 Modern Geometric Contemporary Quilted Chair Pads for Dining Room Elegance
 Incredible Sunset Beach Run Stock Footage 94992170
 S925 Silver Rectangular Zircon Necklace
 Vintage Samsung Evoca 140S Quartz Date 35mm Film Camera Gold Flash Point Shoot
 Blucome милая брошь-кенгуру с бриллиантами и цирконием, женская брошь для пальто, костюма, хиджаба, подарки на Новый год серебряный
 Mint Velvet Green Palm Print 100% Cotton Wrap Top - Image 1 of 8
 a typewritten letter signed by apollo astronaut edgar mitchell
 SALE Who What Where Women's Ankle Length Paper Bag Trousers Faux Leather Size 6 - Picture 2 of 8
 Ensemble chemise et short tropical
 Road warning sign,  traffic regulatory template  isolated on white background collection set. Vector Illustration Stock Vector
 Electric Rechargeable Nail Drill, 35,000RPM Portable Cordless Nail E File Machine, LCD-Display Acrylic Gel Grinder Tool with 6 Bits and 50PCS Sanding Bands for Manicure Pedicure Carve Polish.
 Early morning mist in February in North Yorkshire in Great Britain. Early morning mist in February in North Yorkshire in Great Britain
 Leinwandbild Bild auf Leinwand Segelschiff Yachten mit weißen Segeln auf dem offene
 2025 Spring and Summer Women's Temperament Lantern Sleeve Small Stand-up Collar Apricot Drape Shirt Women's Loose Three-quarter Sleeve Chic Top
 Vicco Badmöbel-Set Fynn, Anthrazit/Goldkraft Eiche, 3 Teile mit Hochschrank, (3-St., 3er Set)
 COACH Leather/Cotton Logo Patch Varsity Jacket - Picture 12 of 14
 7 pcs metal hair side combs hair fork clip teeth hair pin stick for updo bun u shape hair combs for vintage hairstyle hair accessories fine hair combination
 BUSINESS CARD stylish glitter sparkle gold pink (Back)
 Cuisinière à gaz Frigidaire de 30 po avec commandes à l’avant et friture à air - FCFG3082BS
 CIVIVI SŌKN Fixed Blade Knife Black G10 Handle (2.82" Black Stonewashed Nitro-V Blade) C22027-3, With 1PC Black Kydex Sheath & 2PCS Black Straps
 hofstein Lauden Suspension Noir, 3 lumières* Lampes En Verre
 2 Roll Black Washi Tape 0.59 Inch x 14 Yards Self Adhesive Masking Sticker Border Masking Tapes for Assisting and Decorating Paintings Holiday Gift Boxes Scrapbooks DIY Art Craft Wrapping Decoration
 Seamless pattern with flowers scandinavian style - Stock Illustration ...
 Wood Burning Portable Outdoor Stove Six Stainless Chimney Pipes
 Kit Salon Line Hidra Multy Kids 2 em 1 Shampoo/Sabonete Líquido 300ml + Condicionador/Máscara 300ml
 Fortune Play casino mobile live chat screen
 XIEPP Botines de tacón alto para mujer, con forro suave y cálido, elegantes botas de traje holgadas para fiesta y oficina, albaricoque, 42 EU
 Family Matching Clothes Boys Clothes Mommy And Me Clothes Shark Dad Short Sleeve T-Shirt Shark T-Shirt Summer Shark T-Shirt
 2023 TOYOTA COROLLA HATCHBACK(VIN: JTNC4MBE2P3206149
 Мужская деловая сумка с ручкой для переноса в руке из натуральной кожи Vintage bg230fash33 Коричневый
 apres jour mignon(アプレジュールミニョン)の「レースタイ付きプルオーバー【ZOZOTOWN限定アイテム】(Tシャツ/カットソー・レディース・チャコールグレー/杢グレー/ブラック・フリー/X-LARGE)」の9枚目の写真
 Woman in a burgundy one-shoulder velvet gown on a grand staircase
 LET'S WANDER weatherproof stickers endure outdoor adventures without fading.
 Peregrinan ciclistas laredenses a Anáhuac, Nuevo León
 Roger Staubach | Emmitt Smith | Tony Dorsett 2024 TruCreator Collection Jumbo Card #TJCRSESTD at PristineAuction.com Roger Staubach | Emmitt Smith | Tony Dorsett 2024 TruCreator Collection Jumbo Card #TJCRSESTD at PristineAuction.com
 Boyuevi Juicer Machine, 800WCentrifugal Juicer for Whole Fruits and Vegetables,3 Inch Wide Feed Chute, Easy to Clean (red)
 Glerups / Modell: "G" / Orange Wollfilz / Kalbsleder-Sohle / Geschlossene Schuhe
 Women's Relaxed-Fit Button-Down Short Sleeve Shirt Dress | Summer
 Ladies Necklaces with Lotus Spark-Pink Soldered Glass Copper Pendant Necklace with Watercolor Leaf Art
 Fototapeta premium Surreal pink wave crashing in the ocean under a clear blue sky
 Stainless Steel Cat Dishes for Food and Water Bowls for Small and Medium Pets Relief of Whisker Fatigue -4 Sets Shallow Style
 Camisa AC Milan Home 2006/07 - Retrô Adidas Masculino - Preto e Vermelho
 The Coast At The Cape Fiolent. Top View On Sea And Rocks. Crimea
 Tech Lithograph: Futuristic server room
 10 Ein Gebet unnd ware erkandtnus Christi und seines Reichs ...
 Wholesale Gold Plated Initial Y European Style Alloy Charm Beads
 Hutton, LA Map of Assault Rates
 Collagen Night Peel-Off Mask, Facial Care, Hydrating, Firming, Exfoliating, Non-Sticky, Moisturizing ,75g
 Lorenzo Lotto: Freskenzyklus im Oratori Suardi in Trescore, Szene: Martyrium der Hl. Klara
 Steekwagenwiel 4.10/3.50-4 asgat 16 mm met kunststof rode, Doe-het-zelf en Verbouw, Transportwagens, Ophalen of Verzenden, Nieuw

===============

**Required work**
Please write out, exactly as they appear above, only the lines in the stretch from the line with "Incredible Sunset Beach" through the line with "Wood Burning Portable".

**Answer to the problem**
 Incredible Sunset Beach Run Stock Footage 94992170
 S925 Silver Rectangular Zircon Necklace
 Vintage Samsung Evoca 140S Quartz Date 35mm Film Camera Gold Flash Point Shoot
 Blucome милая брошь-кенгуру с бриллиантами и цирконием, женская брошь для пальто, костюма, хиджаба, подарки на Новый год серебряный
 Mint Velvet Green Palm Print 100% Cotton Wrap Top - Image 1 of 8
 a typewritten letter signed by apollo astronaut edgar mitchell
 SALE Who What Where Women's Ankle Length Paper Bag Trousers Faux Leather Size 6 - Picture 2 of 8
 Ensemble chemise et short tropical
 Road warning sign,  traffic regulatory template  isolated on white background collection set. Vector Illustration Stock Vector
 Electric Rechargeable Nail Drill, 35,000RPM Portable Cordless Nail E File Machine, LCD-Display Acrylic Gel Grinder Tool with 6 Bits and 50PCS Sanding Bands for Manicure Pedicure Carve Polish.
 Early morning mist in February in North Yorkshire in Great Britain. Early morning mist in February in North Yorkshire in Great Britain
 Leinwandbild Bild auf Leinwand Segelschiff Yachten mit weißen Segeln auf dem offene
 2025 Spring and Summer Women's Temperament Lantern Sleeve Small Stand-up Collar Apricot Drape Shirt Women's Loose Three-quarter Sleeve Chic Top
 Vicco Badmöbel-Set Fynn, Anthrazit/Goldkraft Eiche, 3 Teile mit Hochschrank, (3-St., 3er Set)
 COACH Leather/Cotton Logo Patch Varsity Jacket - Picture 12 of 14
 7 pcs metal hair side combs hair fork clip teeth hair pin stick for updo bun u shape hair combs for vintage hairstyle hair accessories fine hair combination
 BUSINESS CARD stylish glitter sparkle gold pink (Back)
 Cuisinière à gaz Frigidaire de 30 po avec commandes à l’avant et friture à air - FCFG3082BS
 CIVIVI SŌKN Fixed Blade Knife Black G10 Handle (2.82" Black Stonewashed Nitro-V Blade) C22027-3, With 1PC Black Kydex Sheath & 2PCS Black Straps
 hofstein Lauden Suspension Noir, 3 lumières* Lampes En Verre
 2 Roll Black Washi Tape 0.59 Inch x 14 Yards Self Adhesive Masking Sticker Border Masking Tapes for Assisting and Decorating Paintings Holiday Gift Boxes Scrapbooks DIY Art Craft Wrapping Decoration
 Seamless pattern with flowers scandinavian style - Stock Illustration ...
 Wood Burning Portable Outdoor Stove Six Stainless Chimney Pipes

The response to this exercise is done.